Daniel Lemire · Answer 1 · Tue Oct 03 2017 22:43:43 GMT+0800 (China Standard Time)

@KWillets If you do push code, please create an "AUTHORS" file with your name in it.

Kendall Willets · Answer 2 · Sun Oct 08 2017 03:31:52 GMT+0800 (China Standard Time)

This is ready to start integrating and testing with the rest of the code. The good news is that it's about 10 instructions per vector of four input uint32_t's, so only 2-3x slower than the decoder. It makes extensive use of a bithack to do shift-or of bytes via multiply, and a pshufb lookup table.

A few coding notes:

I have not looked at the delta coding.

I created a u128 union type to keep from going insane initializing and accessing __mm128i's. This may be good for shuffle tables as well.

The encoder table is in an include file generated from the script.

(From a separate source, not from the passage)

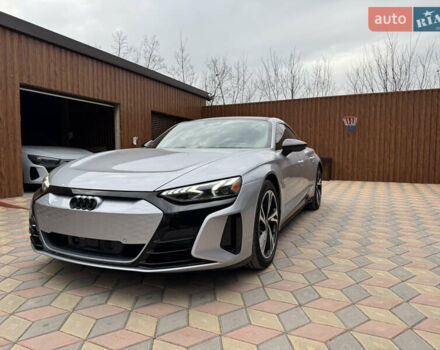 Серый Ауди e-tron GT, объемом двигателя 0 л и пробегом 4 тыс. км за 58900 $, фото 2 на Automoto.ua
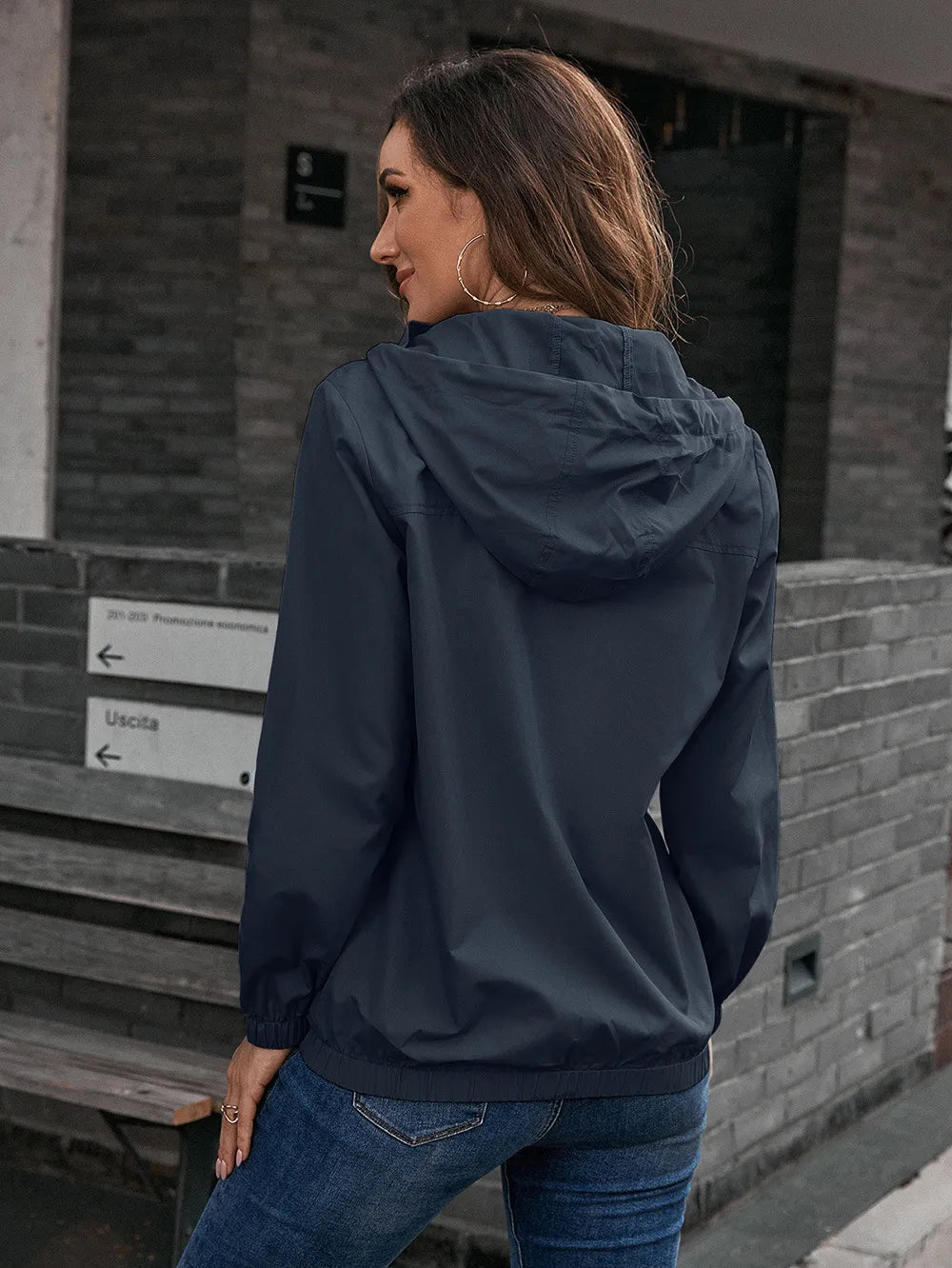 MIRELLA | Dames Waterdichte Trenchcoat – Functioneel, Modern & Ideaal Voor Buitenactiviteiten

The svb_encode_vector entry point is similar to svb_encode_scalar but it obviously calls the vector encoder on each 4-word frame. svb_encode_scalar should be used to finish the ragged end.

I am open to opinions as to whether we should keep the wall-of-code or break it out into modules, include files, etc.

Daniel Lemire · Answer 3 · Sun Oct 08 2017 04:27:14 GMT+0800 (China Standard Time)

Great. I think I should be able to add the vectorized deltas.

I’ll review within a week.

Kendall Willets · Answer 4 · Mon Oct 09 2017 04:49:05 GMT+0800 (China Standard Time)

This is now integrated into streamvbyte, and it passes unit.c and example.c.

Sadly, I have done no performance tests yet.

Kendall Willets · Answer 5 · Mon Oct 09 2017 06:57:54 GMT+0800 (China Standard Time)

Performance is about 7x faster for 500k random int's. 588 million int's per second on my laptop.

Daniel Lemire · Answer 6 · Tue Oct 10 2017 01:21:05 GMT+0800 (China Standard Time)

Solved by @KWillets

Daniel Lemire · Answer 7 · Tue Oct 10 2017 03:07:51 GMT+0800 (China Standard Time)

Ok. So the deltas are now encoded, mostly by re-using @KWillets's code.